(Extracted records Opens)

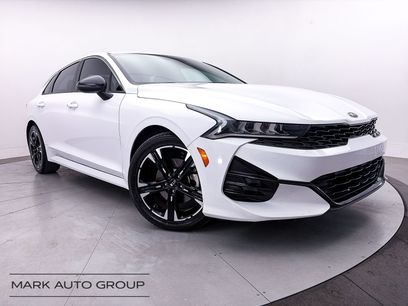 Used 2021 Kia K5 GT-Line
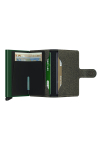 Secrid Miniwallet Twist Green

(Extracted records Closes)
(Extracted records Opens)

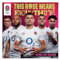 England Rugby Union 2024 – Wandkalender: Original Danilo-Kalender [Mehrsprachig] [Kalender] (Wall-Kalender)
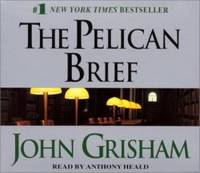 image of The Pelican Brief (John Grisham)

(Extracted records Closes)

## What is being asked
For this exercise, please set down exactly the lines of the listing above from the line with "Used 2021 Kia K5 GT-Line" up to and including the line with "Secrid Miniwallet Twist Green", and no pictures.

## Result below
 Used 2021 Kia K5 GT-Line
 Secrid Miniwallet Twist Green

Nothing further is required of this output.